Some entries follow. Reproduce exactly the lines starting at the one with "Accessori per mobili" and stopping after the one with "Stussy Ikat Stripe Water Short 'Black'".

** Opening INPUT DATA block **

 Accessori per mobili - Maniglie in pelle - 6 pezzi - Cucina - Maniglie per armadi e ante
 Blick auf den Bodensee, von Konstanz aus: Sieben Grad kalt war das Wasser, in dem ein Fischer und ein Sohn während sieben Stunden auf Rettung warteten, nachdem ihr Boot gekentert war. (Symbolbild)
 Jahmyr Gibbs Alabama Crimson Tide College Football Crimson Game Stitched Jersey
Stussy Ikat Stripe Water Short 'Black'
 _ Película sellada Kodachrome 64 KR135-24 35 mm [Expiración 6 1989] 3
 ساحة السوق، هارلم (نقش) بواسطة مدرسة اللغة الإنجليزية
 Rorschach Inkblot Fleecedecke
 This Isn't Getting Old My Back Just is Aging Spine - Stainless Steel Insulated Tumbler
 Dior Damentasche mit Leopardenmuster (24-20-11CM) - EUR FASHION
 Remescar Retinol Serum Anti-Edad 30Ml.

** Closing INPUT DATA block **
** Opening INPUT DATA block **

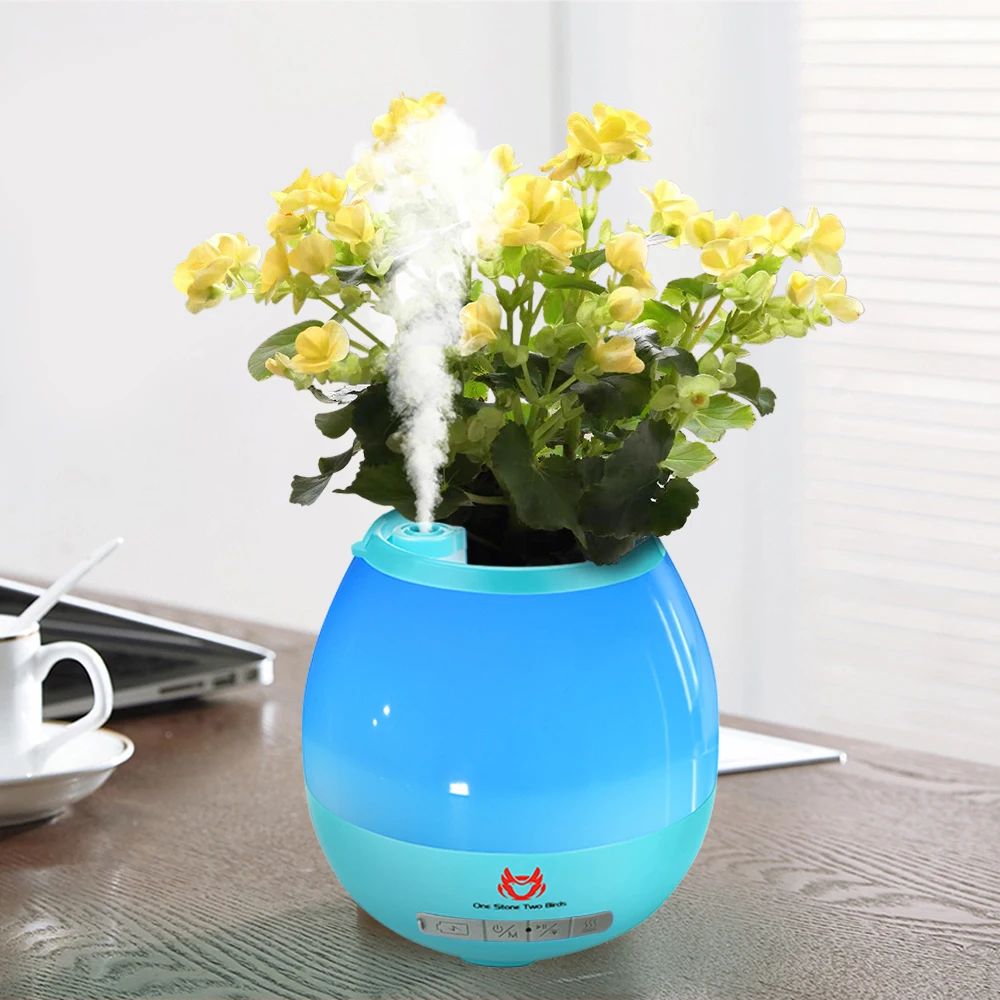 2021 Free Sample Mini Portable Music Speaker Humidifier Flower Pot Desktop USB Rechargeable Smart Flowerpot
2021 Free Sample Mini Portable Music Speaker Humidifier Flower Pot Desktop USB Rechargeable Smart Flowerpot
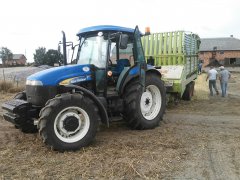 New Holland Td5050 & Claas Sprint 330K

** Closing INPUT DATA block **

RESPONSE AREA:
 Accessori per mobili - Maniglie in pelle - 6 pezzi - Cucina - Maniglie per armadi e ante
 Blick auf den Bodensee, von Konstanz aus: Sieben Grad kalt war das Wasser, in dem ein Fischer und ein Sohn während sieben Stunden auf Rettung warteten, nachdem ihr Boot gekentert war. (Symbolbild)
 Jahmyr Gibbs Alabama Crimson Tide College Football Crimson Game Stitched Jersey
Stussy Ikat Stripe Water Short 'Black'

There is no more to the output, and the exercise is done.